Insights from the list of negotiation-eligible drugs in 2027
On January 17, the U.S. Department of Health and Human Services (HHS) and the Centers for Medicare and Medicaid Services (CMS) announced the next 15 drugs selected for Medicare price negotiation.1 CMS will engage manufacturers in negotiations during 2025 to set what it calls the maximum fair prices (MFPs) for these drugs. The negotiated MFPs will be published by November 30, 2025, ahead of their initial price applicability year (IPAY) beginning January 1, 2027. This white paper provides a high-level overview of the selected drugs, their current formulary coverage, and insights into the potential impact of their negotiated MFPs.

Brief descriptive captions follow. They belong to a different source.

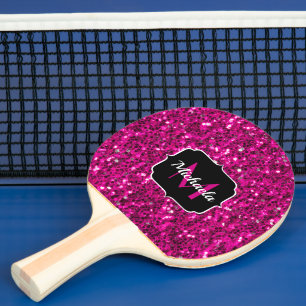 Imitate Glitzer Monogramm, Hot-pink-Glitzern Tischtennis Schläger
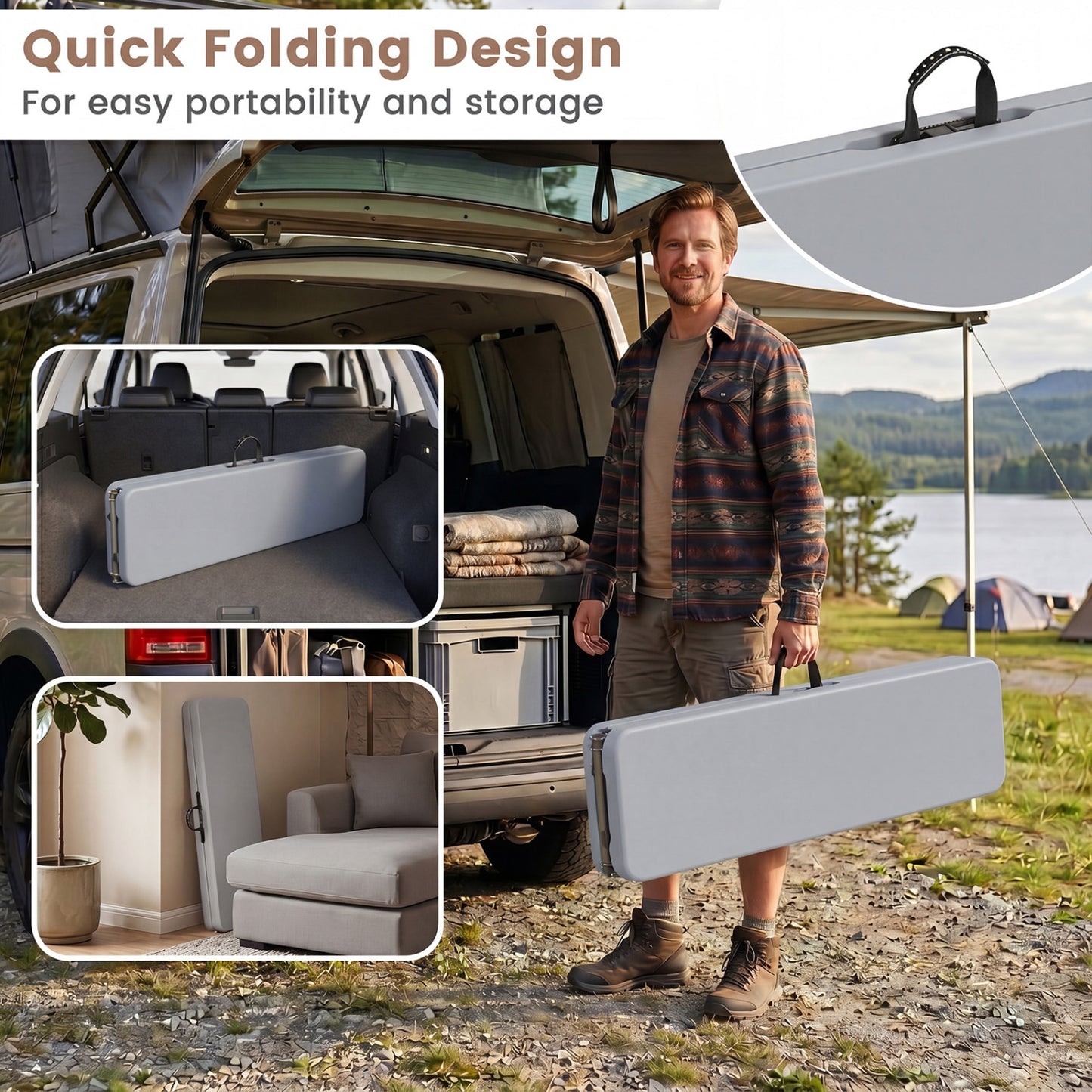 6 Feet Plastic Folding Bench Picnic Camping Dining Seat with Carrying Handle, Light Gray Camping Furniture at Gallery Canada
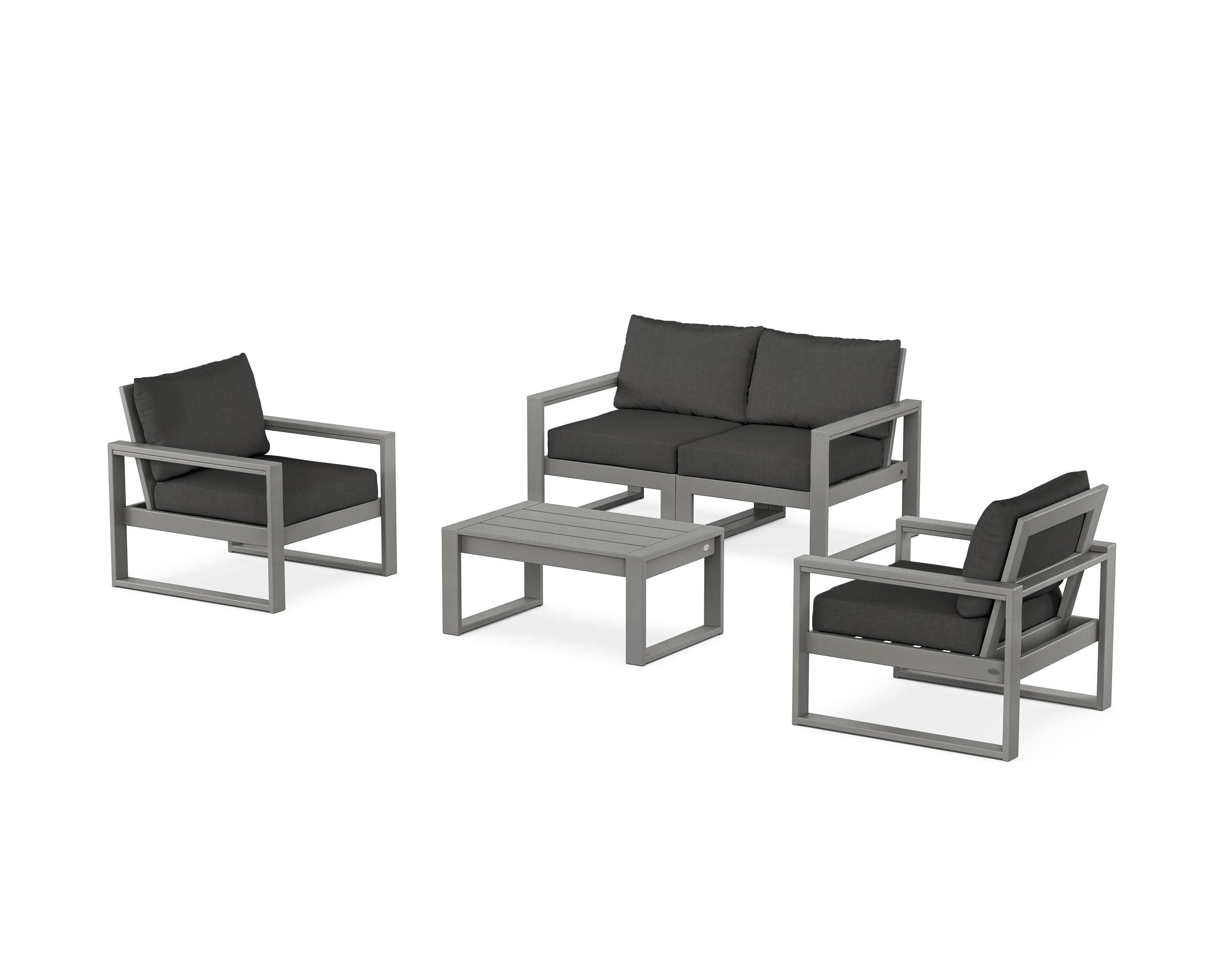 EDGE Sectional 4-Piece Deep Seating Set with Loveseat in Slate Grey / Spectrum Carbon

The 15 drugs selected for the second round of negotiation represent nearly 15% of Medicare Part D gross costs2 in 2024. When combined with the 10 drugs selected for IPAY 2026, the 25 drugs account for more than one-third of Medicare Part D gross costs in 2024. Figure 1 summarizes the share of total gross Part D costs of selected drugs grouped by IPAY and the key condition treated.
Figure 1: Share of Part D gross costs subject to MFP
Note: Percentage shares are calculated using 2024 Part D claim data for January through August.

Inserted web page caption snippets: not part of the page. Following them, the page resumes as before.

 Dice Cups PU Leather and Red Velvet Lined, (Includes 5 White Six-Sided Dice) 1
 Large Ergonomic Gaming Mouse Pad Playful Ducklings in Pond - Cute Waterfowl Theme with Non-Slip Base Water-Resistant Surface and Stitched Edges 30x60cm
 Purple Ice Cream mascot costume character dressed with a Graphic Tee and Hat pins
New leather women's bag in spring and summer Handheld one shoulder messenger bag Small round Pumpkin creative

Focus on antidiabetic agents
Semaglutide (brand names Ozempic, Rybelsus, and Wegovy) headlines the list of 15 drugs selected for IPAY 2027, representing over 5% of Part D gross costs. Of the 25 selected drugs, 75% of the gross spend is associated with the treatment or prevention of diabetes, blood clots, or cancer, with selected antidiabetic products encompassing nearly 14% of all 2024 Part D gross costs. Figure 2 shows the Part D spending associated with the seven selected drugs commonly used to treat diabetes, grouped by their therapeutic class.
Figure 2: Share of Part D gross costs for negotiated diabetic drugs
In 2021, the Centers for Disease Control and Prevention (CDC) estimated that 24.4% of the U.S. population aged 65 and older were diagnosed with diabetes, with an additional 4.7% believed to have the condition but remain undiagnosed.3 The high prevalence of diabetes in the United States has spurred significant investment in developing medications to treat the disease, many of which have now been selected for MFP negotiation. These antidiabetic medications span multiple therapeutic classes, with the glucagon-like peptide-1 receptor agonists (GLP-1s) and sodium-glucose cotransporter-2 (SGLT-2) agents comprising the majority of spend. The smaller share attributed to rapid-acting insulins is driven in part by January 1, 2024, list price reductions for Novolog.
Some of these antidiabetics drugs have multiple indications. Both Jardiance and Farxiga are also indicated for heart failure and chronic kidney disease. While Wegovy is the same molecule as Ozempic and Rybelsus, it does not have a diabetes indication. Wegovy is indicated for reducing cardiovascular risks, and also has an indication for chronic weight management, though this is not currently a covered Part D benefit.
Focus on autoimmune agents
While autoimmune therapies are the fourth-highest gross cost group in Figure 1 above, it is worth noting they have several overlapping indications, summarized in Figure 3.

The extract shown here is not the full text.